Task brief. Down to the last line below, write out every line exactly, starting with the one that contains "Ocean Window View" and leaving out the pictures.

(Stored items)
· · · · ·

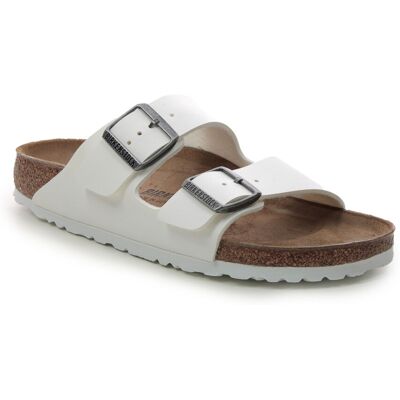 Birkenstock Arizona Ladies White Womens Slide Sandals 55268366 in a Plain Man-made in Size 38 Birkenstock Arizona Ladies White Womens Slide Sandals 55268366 in a Plain Man-made in Size 38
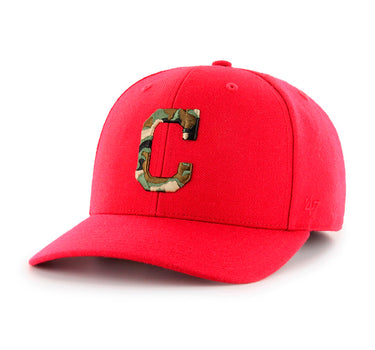 47 Brand Cleveland Indians MVP DT Camfill Adjustable Velcro Justerbar Red Camo Rød Camouflage B-CAMFL02WBV-RD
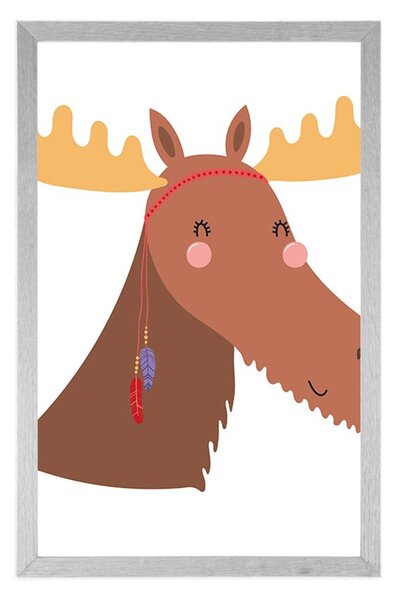 Plakat uroczy renifer z indyjskimi piórami
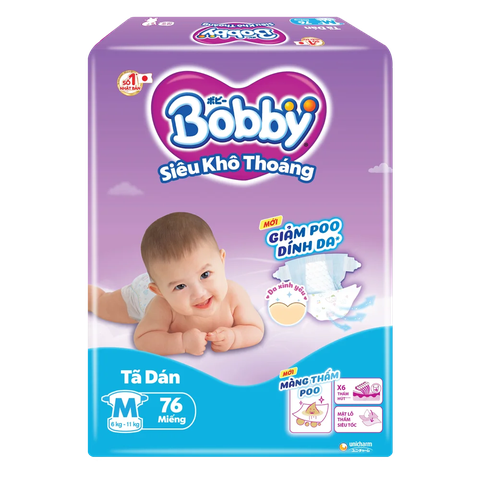 Tã dán Bobby siêu khô thoáng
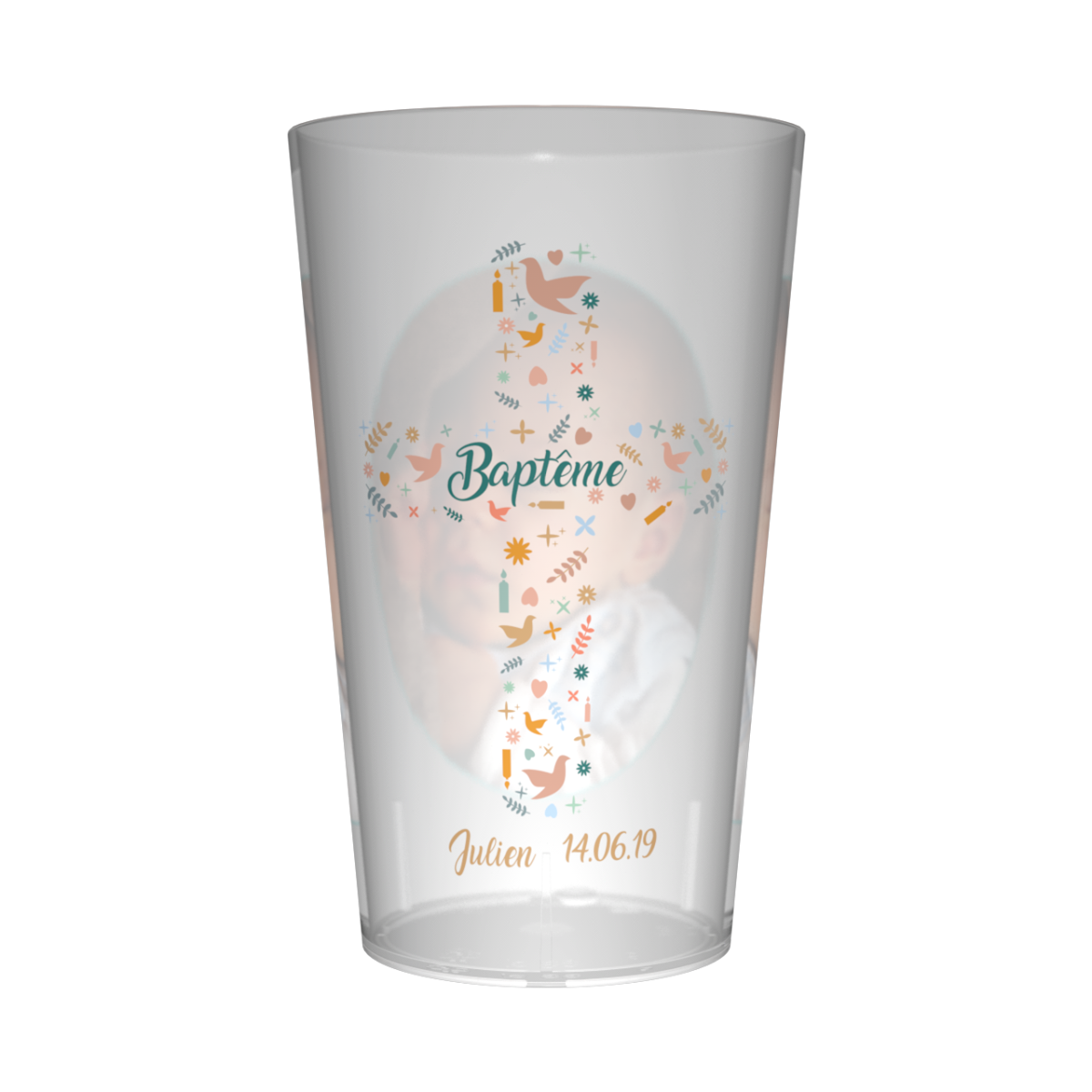 Gobelet personnalisé Baptême Croix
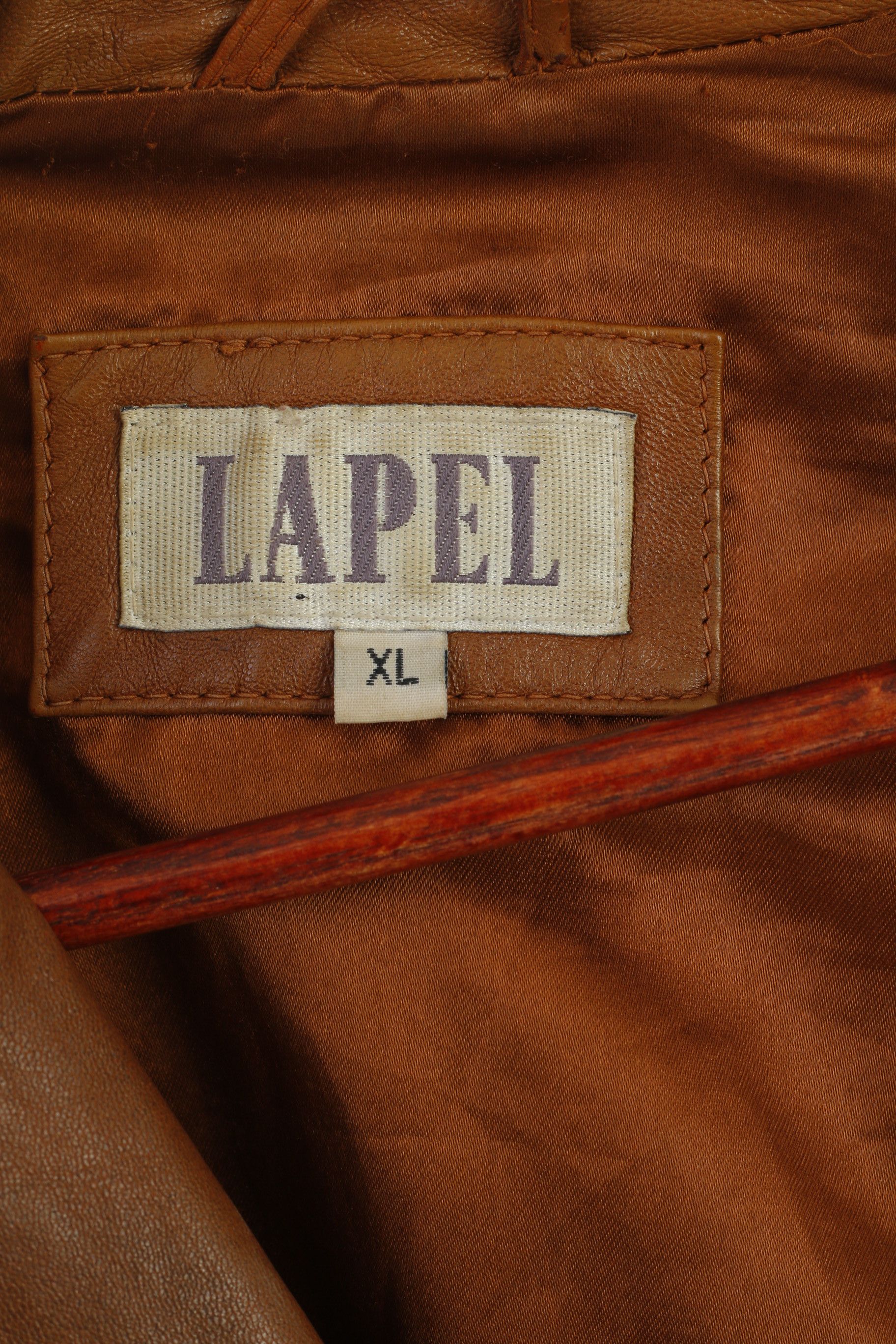 Vintage Lapel Women XL (L) Jacket Camel Leather 6201 Size L / US 10 / IT 46 - 4 Thumbnail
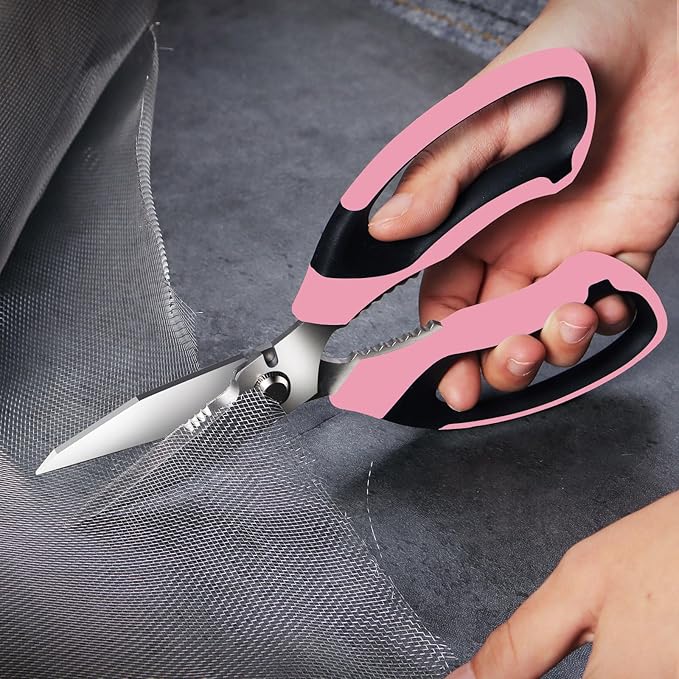 BoFuYuan 8-Inch Utility Scissors All Purpose Heavy Duty, Serrated Blade, Pink Comfort Grip for Cutting Carpet, Cardboard, Leather, Fabric, Multipurpose Sharp Shears for Kitchen, Garden, Office, Carft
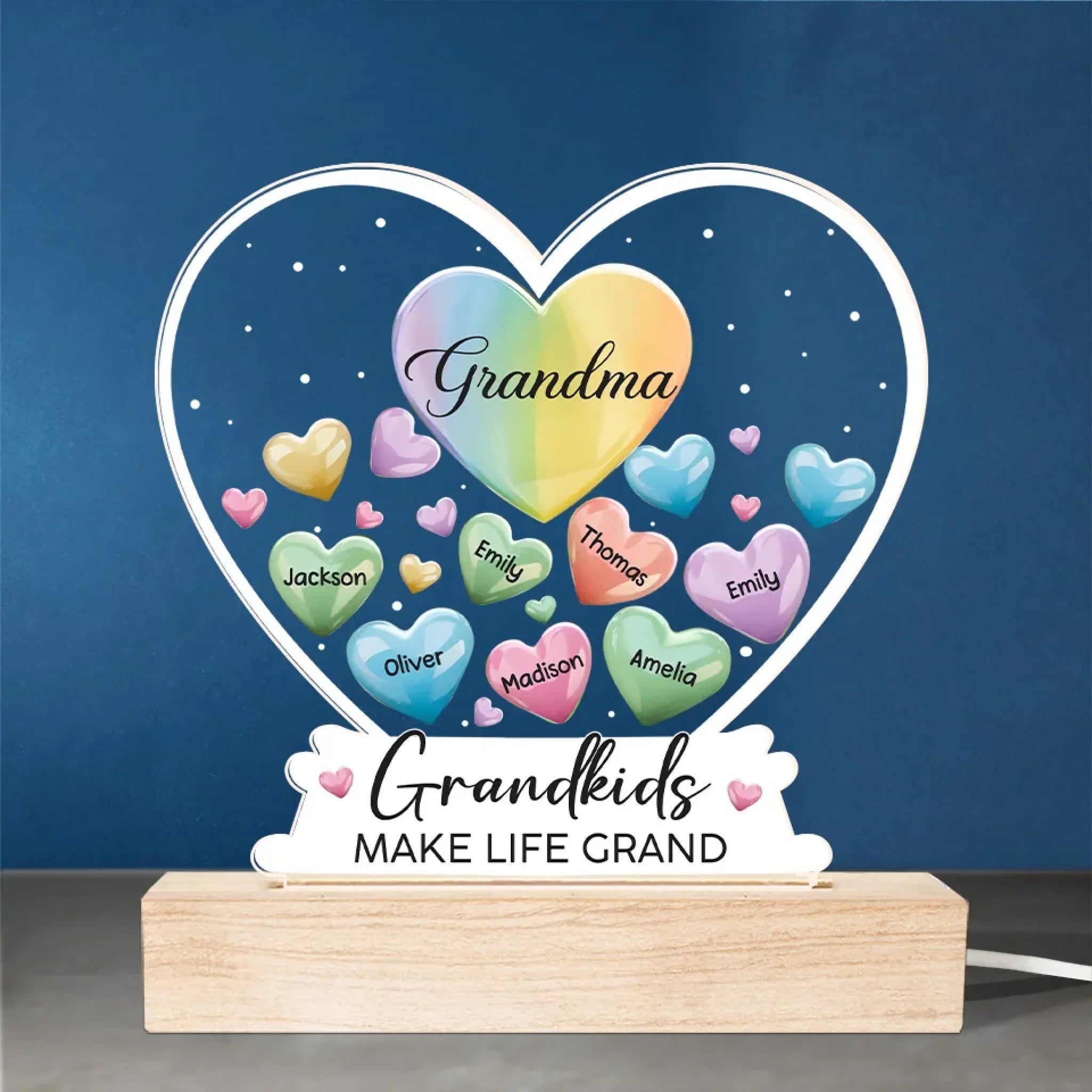 A Garden Of Love Grows In A Grandma's Heart - Family Personalized Custom Shaped 3D LED Light - Gift For Grandma, Grandpa, Grandkid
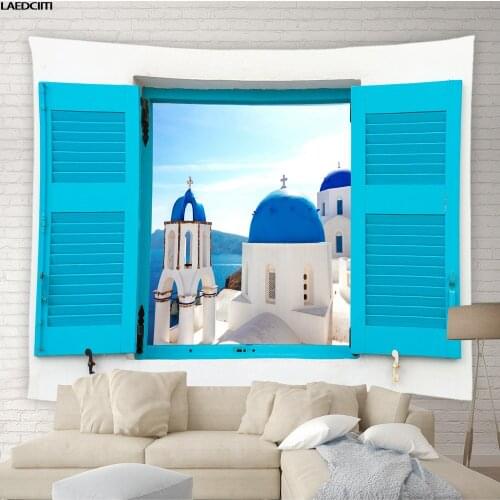 Ocean Window View Tapestry Greece Beach Scenery Green Plant Flower Vines Natural Landscape Wall Hanging Hotel Bedroom Home Decor
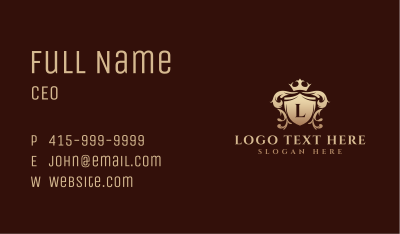 Ornate Crown Shield Business Card Image Preview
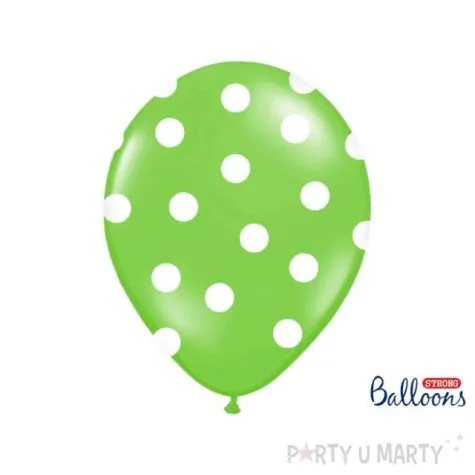 balony 14 kropki pastel lime green strong 50 szt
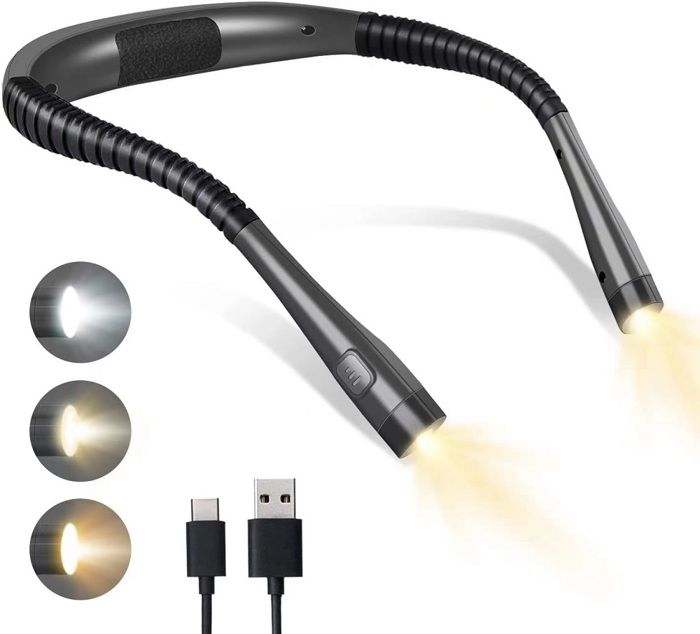 Lampe de Lecture de Cou Rechargeable Lampe pour lecture au Lit 3 Couleurs 6 Niveaux de Luminosité Bras Pliables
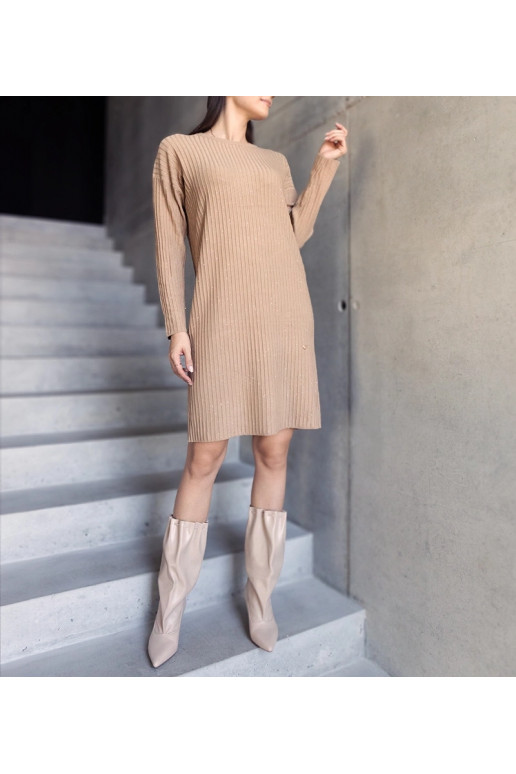 Béžové midi šaty s leskem Kadyra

· · · · ·

Task result.
 Ocean Window View Tapestry Greece Beach Scenery Green Plant Flower Vines Natural Landscape Wall Hanging Hotel Bedroom Home Decor
 Ornate Crown Shield Business Card Image Preview
 balony 14 kropki pastel lime green strong 50 szt
 Lampe de Lecture de Cou Rechargeable Lampe pour lecture au Lit 3 Couleurs 6 Niveaux de Luminosité Bras Pliables
 Béžové midi šaty s leskem Kadyra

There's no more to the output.